日々の考え、趣味のサッカー、釣り、読書、音楽、アウトドアなどについてエッセイ風に綴りたいと思います。

衰弱死

2006年08月10日 | 釣り
年金生活、衰弱死救えず 広島
2006年 8月10日 (木)


 広島市東区の民家の二階で六日夕、住人とみられる男女二人の高齢者が一部白骨化した遺体で見つかった。広島東署は部屋に荒らされた形跡がなく、遺体に外傷もないことから衰弱死の可能性が高いとみる。電気やガスは止まり、銀行口座に残っていたのは二百円。蓄えがなくなり、相次ぎ力尽きた可能性が強い。景気回復が言いはやされる中、百十五万都市の片隅で起きた現実である。(山成耕太)

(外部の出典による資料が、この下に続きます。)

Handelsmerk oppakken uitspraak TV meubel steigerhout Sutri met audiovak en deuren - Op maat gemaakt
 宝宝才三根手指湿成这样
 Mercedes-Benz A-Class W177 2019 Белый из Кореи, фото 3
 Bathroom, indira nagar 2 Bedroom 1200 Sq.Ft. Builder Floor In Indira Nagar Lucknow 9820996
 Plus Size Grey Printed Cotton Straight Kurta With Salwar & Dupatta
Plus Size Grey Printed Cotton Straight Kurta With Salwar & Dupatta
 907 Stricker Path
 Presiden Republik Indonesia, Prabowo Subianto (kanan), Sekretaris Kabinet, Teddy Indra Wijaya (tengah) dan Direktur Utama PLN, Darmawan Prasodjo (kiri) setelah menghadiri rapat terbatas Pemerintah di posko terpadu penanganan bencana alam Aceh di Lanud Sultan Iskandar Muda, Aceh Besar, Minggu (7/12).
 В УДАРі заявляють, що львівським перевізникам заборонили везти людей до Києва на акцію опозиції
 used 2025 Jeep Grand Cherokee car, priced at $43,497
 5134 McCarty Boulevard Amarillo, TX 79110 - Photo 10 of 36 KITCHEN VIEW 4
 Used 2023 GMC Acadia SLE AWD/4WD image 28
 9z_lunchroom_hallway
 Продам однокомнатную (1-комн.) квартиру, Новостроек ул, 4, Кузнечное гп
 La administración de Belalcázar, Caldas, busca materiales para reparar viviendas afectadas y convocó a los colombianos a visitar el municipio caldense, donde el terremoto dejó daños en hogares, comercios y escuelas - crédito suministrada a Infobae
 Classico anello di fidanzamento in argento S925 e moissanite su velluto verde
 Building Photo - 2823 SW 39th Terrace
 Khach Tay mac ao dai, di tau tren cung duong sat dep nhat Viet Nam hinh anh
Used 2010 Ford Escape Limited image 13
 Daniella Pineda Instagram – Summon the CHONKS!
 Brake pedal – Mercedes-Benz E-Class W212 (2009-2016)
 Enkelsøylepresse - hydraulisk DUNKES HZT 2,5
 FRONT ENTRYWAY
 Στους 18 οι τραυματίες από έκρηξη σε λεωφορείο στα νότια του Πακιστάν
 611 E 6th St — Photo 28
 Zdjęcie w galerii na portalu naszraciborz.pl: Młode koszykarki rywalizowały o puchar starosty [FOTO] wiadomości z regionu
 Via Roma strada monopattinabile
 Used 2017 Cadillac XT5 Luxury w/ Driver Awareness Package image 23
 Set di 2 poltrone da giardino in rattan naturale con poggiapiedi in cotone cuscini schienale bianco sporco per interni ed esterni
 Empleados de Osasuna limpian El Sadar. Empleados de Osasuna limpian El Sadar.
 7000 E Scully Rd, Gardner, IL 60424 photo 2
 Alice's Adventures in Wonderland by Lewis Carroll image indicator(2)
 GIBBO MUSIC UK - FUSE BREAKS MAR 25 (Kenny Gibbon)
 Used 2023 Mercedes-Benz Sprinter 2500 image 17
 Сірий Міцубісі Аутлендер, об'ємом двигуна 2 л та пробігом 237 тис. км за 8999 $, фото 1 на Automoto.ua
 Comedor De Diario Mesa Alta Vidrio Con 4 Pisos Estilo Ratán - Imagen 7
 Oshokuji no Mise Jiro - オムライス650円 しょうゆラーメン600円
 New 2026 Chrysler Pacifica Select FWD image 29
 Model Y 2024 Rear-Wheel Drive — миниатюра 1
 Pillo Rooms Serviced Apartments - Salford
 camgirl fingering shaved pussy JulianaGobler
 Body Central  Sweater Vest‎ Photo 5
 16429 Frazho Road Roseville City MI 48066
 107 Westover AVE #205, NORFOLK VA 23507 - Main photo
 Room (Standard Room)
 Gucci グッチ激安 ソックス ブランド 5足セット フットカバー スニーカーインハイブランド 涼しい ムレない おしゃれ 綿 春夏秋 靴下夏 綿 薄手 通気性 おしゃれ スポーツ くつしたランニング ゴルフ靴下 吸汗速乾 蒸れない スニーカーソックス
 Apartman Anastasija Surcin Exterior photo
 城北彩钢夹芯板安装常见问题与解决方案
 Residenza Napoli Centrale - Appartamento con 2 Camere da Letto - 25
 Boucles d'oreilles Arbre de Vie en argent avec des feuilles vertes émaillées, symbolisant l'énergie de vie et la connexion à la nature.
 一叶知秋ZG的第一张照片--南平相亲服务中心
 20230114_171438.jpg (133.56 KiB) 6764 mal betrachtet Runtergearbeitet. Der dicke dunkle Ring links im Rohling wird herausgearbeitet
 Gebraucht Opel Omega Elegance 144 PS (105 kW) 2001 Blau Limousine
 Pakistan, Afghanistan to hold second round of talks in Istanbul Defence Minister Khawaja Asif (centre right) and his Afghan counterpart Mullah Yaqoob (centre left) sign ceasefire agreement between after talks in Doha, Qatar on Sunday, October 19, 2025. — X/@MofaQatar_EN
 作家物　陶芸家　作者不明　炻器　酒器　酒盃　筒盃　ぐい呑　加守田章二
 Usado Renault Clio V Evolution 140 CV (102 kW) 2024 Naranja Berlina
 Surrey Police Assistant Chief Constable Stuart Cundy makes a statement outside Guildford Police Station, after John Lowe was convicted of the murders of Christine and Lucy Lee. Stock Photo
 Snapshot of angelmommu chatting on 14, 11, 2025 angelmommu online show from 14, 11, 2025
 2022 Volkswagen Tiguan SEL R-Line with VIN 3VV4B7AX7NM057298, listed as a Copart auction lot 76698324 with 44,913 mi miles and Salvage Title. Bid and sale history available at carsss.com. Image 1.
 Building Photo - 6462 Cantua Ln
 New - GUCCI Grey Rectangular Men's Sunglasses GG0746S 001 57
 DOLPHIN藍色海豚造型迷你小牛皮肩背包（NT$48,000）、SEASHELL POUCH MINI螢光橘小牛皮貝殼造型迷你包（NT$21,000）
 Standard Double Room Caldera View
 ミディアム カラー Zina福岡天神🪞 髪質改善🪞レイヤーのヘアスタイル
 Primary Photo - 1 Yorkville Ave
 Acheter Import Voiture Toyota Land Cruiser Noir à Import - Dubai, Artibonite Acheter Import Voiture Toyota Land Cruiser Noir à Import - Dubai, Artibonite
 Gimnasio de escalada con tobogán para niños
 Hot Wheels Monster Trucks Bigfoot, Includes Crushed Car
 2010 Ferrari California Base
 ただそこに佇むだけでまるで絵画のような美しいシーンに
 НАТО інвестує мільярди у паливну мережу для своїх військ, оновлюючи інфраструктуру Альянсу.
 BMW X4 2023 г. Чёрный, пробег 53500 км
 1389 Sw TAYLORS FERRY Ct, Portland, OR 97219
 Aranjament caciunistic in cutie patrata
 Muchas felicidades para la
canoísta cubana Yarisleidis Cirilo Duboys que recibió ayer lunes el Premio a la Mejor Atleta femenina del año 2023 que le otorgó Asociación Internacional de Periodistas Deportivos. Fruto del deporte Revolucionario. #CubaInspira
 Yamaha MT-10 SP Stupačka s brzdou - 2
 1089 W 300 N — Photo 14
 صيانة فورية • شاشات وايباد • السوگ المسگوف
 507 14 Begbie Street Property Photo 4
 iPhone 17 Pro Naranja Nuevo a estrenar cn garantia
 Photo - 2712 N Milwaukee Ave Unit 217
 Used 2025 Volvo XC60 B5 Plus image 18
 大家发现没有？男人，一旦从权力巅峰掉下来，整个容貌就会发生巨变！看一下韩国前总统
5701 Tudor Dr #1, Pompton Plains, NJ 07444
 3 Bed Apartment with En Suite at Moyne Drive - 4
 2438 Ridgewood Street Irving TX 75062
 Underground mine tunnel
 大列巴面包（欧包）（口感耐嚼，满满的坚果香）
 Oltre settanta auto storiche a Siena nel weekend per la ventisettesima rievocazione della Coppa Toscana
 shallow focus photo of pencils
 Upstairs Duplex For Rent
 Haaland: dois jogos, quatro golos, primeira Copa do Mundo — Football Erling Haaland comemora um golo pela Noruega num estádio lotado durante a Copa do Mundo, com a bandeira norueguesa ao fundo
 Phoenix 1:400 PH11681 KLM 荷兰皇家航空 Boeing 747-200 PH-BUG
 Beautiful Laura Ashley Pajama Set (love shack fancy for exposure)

 男性は七十歳、女性は六十八歳とみられ、東署が身元の最終確認を急いでいる。これまでの調べなどでは、女性が三十年ほど前に部屋を借り、その後同居を始めた男性と暮らしていた。

 女性は清掃の仕事をしていたが昨年末、体調を崩してやめた。二人に収入はなく年金頼りだったようだ。近所の住民は「女性が最近、急にやせ細っていて驚いた」という。

 自宅近くに、二人がよく食事をしていた飲食店がある。女性は六月から店に姿を見せなくなった。「何しよるん」。一人で訪れた男性に店員が問いかけると「風邪をひいて寝とる」と答えた。その男性も夏祭りがあった七月八日以降、姿が見えなくなった。

 東署は、遺体の状況から女性が先に亡くなったとみている。「葬式も出せずに途方に暮れ、男性が後を追うように衰弱死したのか」。捜査員は唇をかむ。

 二人の部屋は遅くとも七月中旬には電気が止まった。ガスも止まり、カセットコンロを使っていた。二人の部屋の前には公共料金の請求書が山積みになっていた。

 中国電力によると、料金滞納すれば検針日から約二カ月後をめどに電気は止められる。その際には原則として利用者に面接するが会えないことも多いらしい。今回、直接二人と話をしたかどうかは不明という。東区役所にも、生活保護などの相談に行った形跡はない。

 大阪府で高齢者らの見守りを続ける特定非営利活動法人(NPO法人)デイコールサービス協会の松本敏理事長(57)は「人と人とのつながりが希薄になっている社会でこうしたケースは間違いなく増える。役所に世話になるのを恥ずかしいと思う高齢者も多い。どう見守っていくかは社会の大きな課題だ」と話す。

 二人が通った飲食店に一枚の写真が残っている。七年前の一九九九年、桜舞う花見の席で、二人はふっくらした顔で笑っていた。



どうしてだろう?

ギンズバーグよ。
君は言った。
「金持ちはロールスロイスに乗り、
 貧しい人々は自分の歯を治すお金もない」

どうしてだろう?
我々は豊かになるためい働いているのではないのか。
我々は笑顔を増やすために働いているのではないのか。
今、私は純粋にそう思うし、切に願う。
一生懸命生きていた人々が、
たとえ貧しくとも、日々の生活にささやかな幸せのある日々を送ってきた人々が、
老後にまでその生活を願うことは困難なのか。
食材の1/3が口に入れられることなく捨てられるというこの国で、
彼らは何を思って衰弱していくのか。
彼らは何を思って死んでゆくのか。

彼らは敗者かもしれない。
彼らには知恵が足りなかったかもしれない。

それを切り捨てるなら、そんな社会にいったいどんな意味があるのだろう。